▶ [Records to use]:
--------------------------------
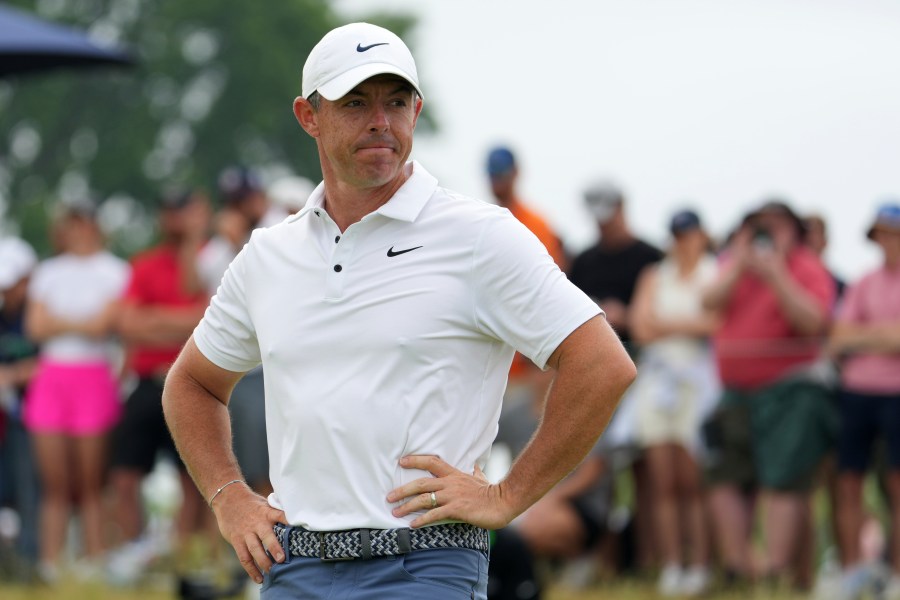 Rory McIlroy, of Northern Ireland, stands on the 11th green after putting in during the final round of the U.S. Open golf tournament at Oakmont Country Club Sunday, June 15, 2025, in Oakmont, Pa. (AP Photo/Gene J. Puskar)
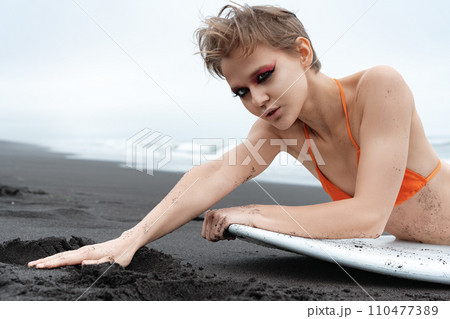 Portrait of blonde surfer woman with bright makeup lying in front of surfboard on sandy beach 110477389
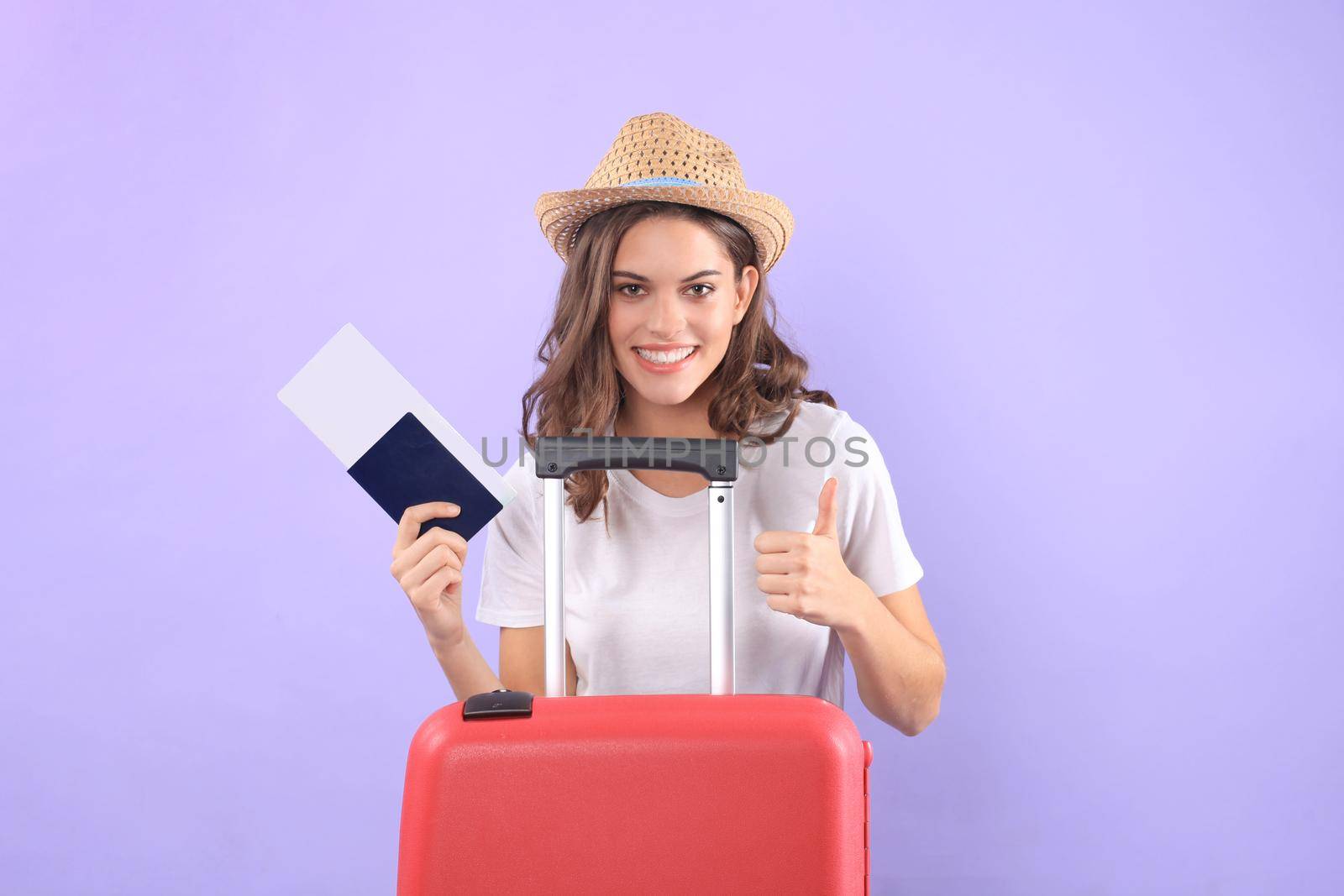 Young tourist girl in summer casual clothes, with sunglasses, red suitcase, passport isolated on purple background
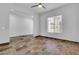 Bright and airy living room with tile floors, a ceiling fan, and large windows for natural light at 10664 E Ellis St, Mesa, AZ 85207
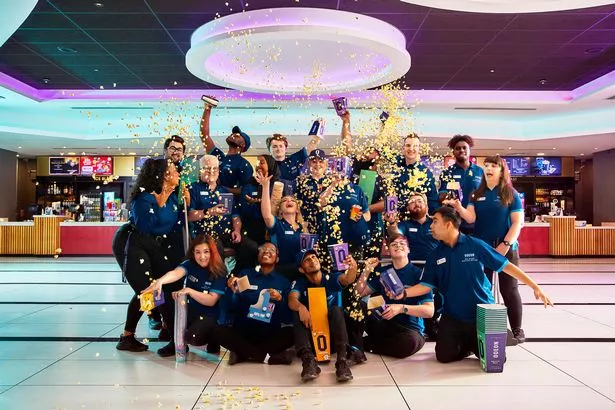 Cinema workers throwing popcorn in the air in celebration of the opening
--------------------------------
▶ [Work task]: Each of the lines above should be transcribed exactly; no image is to be copied.

▶ [Solution below]:
 Rory McIlroy, of Northern Ireland, stands on the 11th green after putting in during the final round of the U.S. Open golf tournament at Oakmont Country Club Sunday, June 15, 2025, in Oakmont, Pa. (AP Photo/Gene J. Puskar)
 Portrait of blonde surfer woman with bright makeup lying in front of surfboard on sandy beach 110477389
 Young tourist girl in summer casual clothes, with sunglasses, red suitcase, passport isolated on purple background
 Bright and airy living room with tile floors, a ceiling fan, and large windows for natural light at 10664 E Ellis St, Mesa, AZ 85207
 Cinema workers throwing popcorn in the air in celebration of the opening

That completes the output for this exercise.